** Activity **
Reproduce only what runs from the line containing "Lauren Ralph Lauren" to the line containing "Fuel D911 Hardline" in the records below, inclusive. Keep it exact, and keep the pictures out.

** The data **
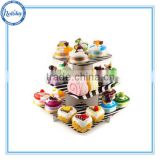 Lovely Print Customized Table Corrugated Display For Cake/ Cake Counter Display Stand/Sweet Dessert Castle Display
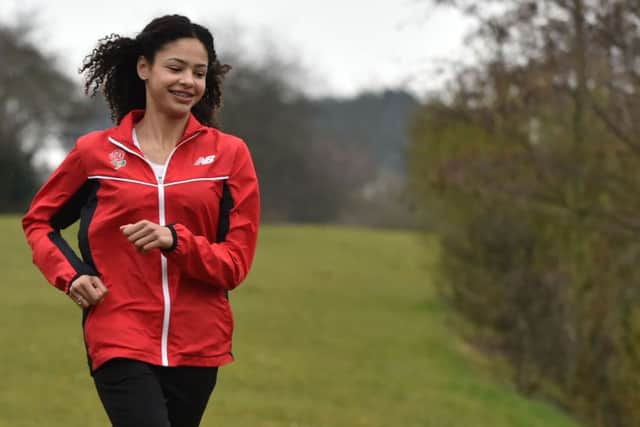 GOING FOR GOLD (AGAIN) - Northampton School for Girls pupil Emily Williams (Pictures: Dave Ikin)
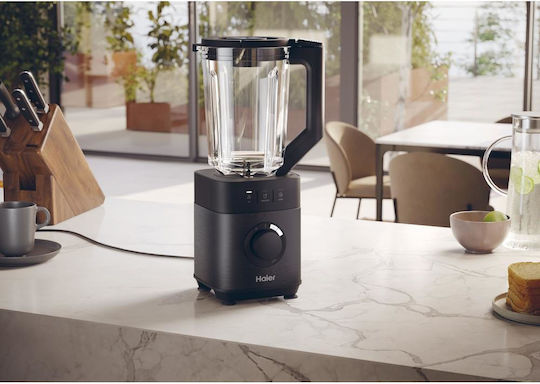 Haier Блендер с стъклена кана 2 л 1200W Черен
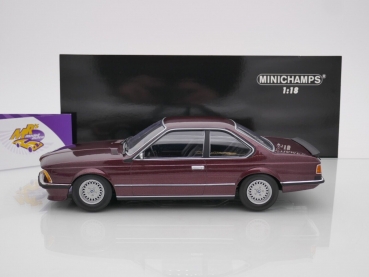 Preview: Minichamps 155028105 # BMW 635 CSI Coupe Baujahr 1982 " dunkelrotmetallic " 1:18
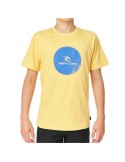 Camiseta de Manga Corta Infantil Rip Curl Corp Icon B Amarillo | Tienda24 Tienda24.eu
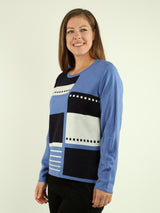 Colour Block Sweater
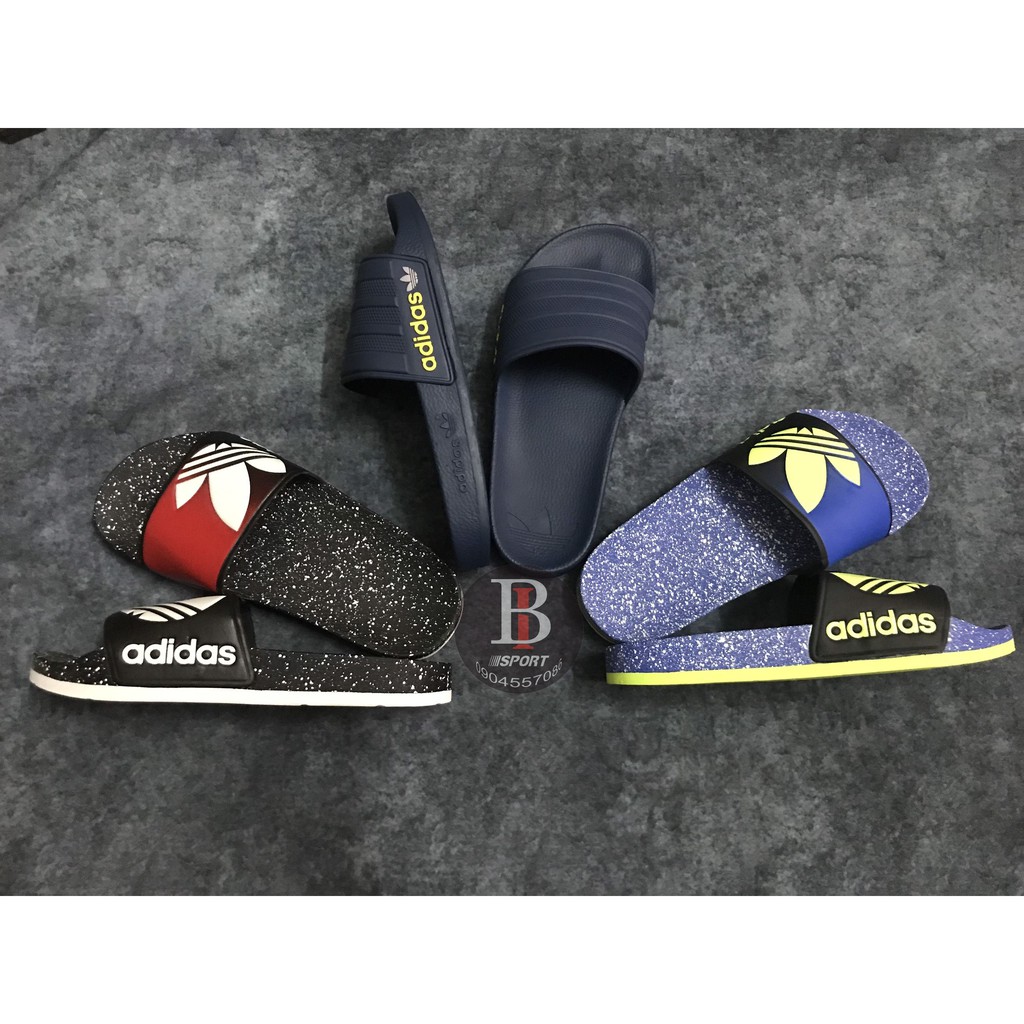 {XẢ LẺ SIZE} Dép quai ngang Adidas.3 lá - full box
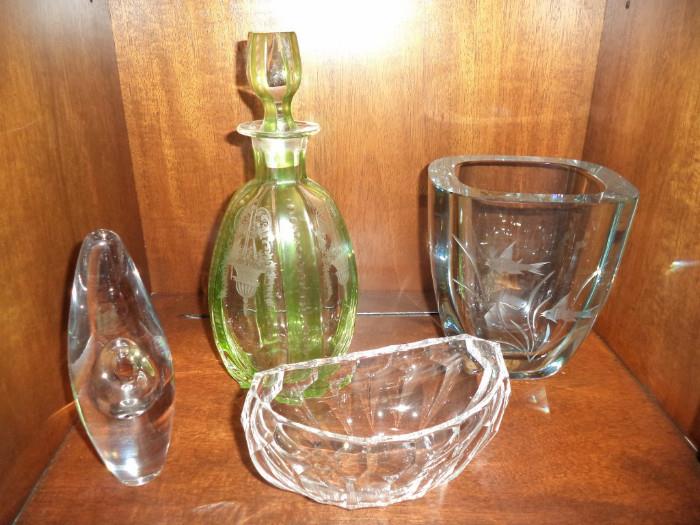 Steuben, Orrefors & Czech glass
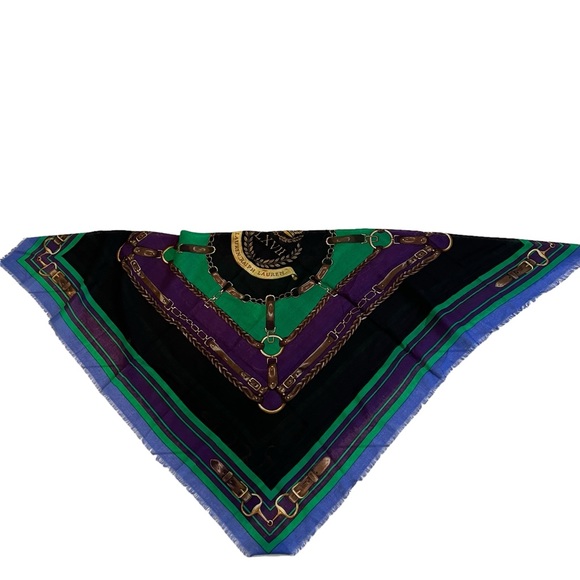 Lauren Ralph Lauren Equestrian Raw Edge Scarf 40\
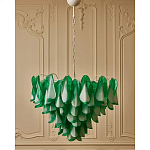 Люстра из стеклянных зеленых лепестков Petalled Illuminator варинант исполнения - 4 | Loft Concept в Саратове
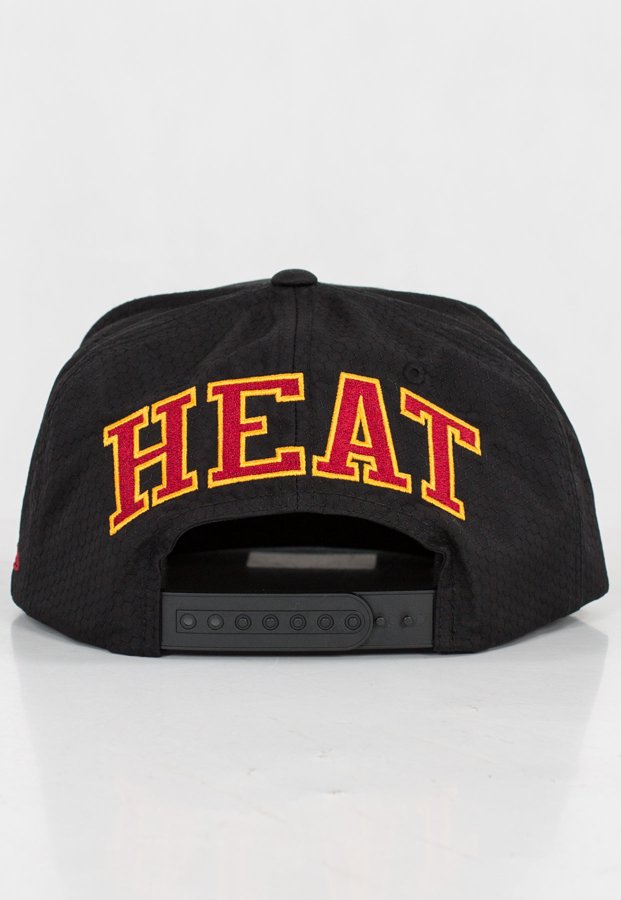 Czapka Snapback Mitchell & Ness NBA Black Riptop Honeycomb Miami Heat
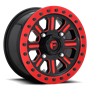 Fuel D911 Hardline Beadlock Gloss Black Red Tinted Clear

---

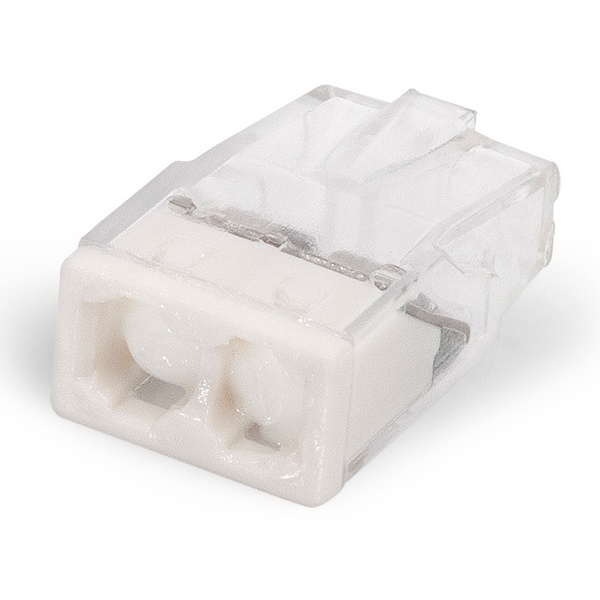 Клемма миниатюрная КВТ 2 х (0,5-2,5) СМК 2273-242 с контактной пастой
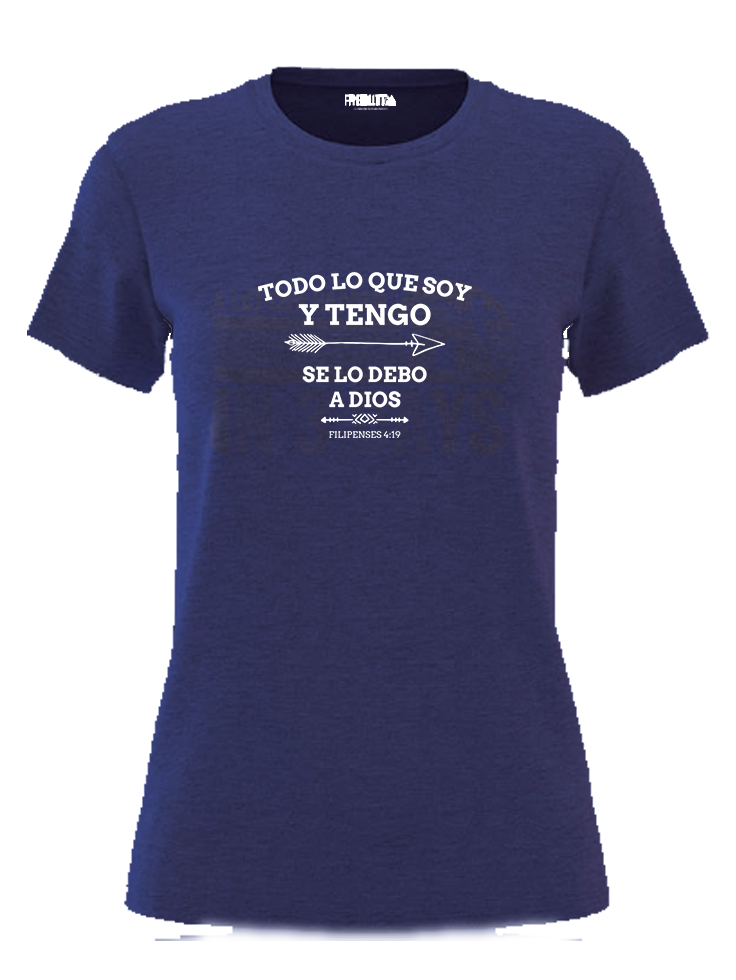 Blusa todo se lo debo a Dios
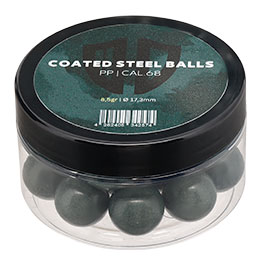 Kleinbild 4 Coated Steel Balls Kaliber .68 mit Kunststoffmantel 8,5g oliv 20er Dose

** Solution **
 Lauren Ralph Lauren Equestrian Raw Edge Scarf 40\
 Люстра из стеклянных зеленых лепестков Petalled Illuminator варинант исполнения - 4 | Loft Concept в Саратове
 Czapka Snapback Mitchell & Ness NBA Black Riptop Honeycomb Miami Heat
 Fuel D911 Hardline Beadlock Gloss Black Red Tinted Clear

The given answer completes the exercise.